The Phonological Working Memory test (5–11 years) is designed as an explicit test of a child’s short-term phonological memory. A substantial body of evidence indicates that phonological memory is likely to be associated with learning to read and spell. However, performance in a number of the PhAB subtests places demands on children’s short-term working memory. Thus it is possible that poor performance in a certain PhAB test may be at least partly because of difficulty in holding phonological material in mind. In order to test this children are asked to listen to and repeat one non-word at a time. The task becomes increasingly difficult as the number of syllables in the non-words increases.
The Rhyme test is a test for young children (5–6 years). It helps to assess if a child has the ability to detect similar sounds in words. For each item in the test the child is shown pictures of three words spoken by the test administrator and asked to point to the two words that share the same rhyme sound (e.g. fish, cap, tap). While there is still some debate about how significant the awareness of rhyme is as a predictor of later reading or spelling, this test provides an opportunity to determine if children have the beginnings of phonological awareness.
Who is the PhAB2 Primary for?
The PhAB2 Primary is intended to be used by:
Practitioners (e.g. psychologists and speech therapists) experienced in administering and interpreting educational tests.
Specialist literacy support teachers and experienced special educational needs co-ordinators (SENCOs). Initially, in interpreting the results of PhAB2 Primary and using them to draw up parts of a child’s individual education plan, SENCOs may find it helpful to consult with their local educational psychologist and/or specialist literacy support teacher.
Researchers interested in the development and assessment of children’s phonological processing skills.
The PhAB2 Primary is suitable for children aged between 5–11 years. It is intended in particular to be used with children whose literacy progress is causing concern.
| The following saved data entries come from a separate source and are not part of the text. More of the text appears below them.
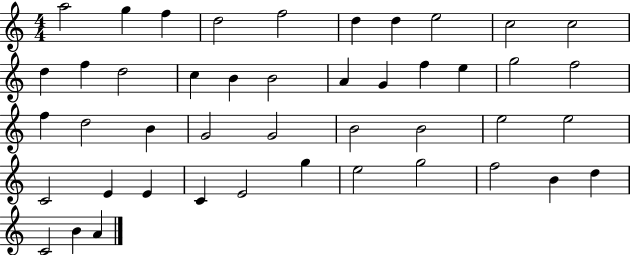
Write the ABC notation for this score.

X:1
T:Untitled
M:4/4
L:1/4
K:C
a2 g f d2 f2 d d e2 c2 c2 d f d2 c B B2 A G f e g2 f2 f d2 B G2 G2 B2 B2 e2 e2 C2 E E C E2 g e2 g2 f2 B d C2 B A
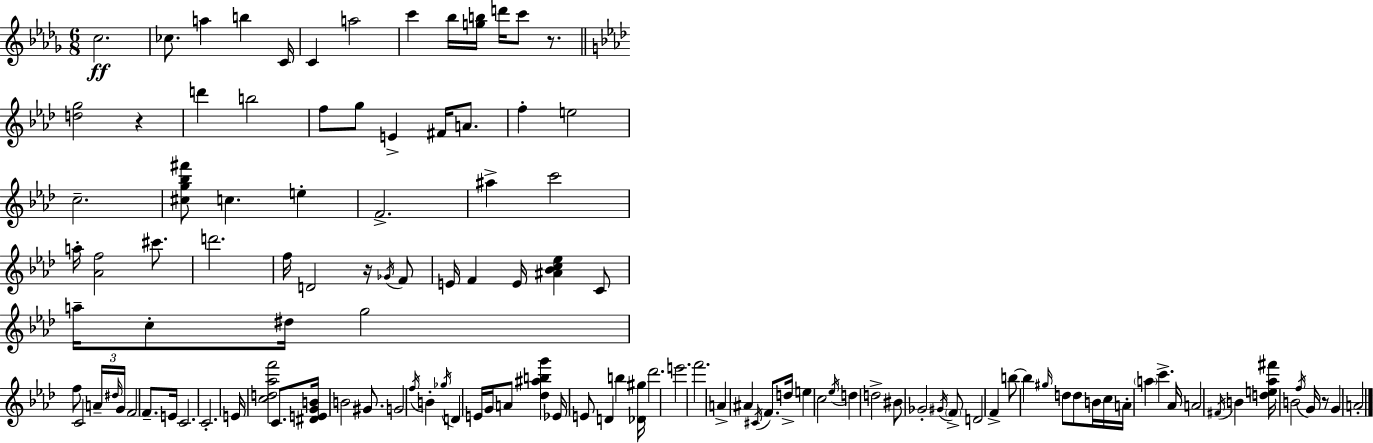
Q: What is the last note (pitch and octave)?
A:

For ease of administration the battery is presented in separate sections for children aged 5:00 – 6:11 and 7:00 – 11:11 years and has been standardised for each of those age groups separately.
Time and materials required
A total of 20–30 minutes should be allowed for administration of all the tests in the battery. Younger children tend to require more explanation, but the tests can generally be discontinued sooner. The materials required to complete scoring and administration of the tests are the PhAB2 Primary Manual, the PhAB2 Primary Record Form and where necessary, the PhAB2 Primary Picture Book.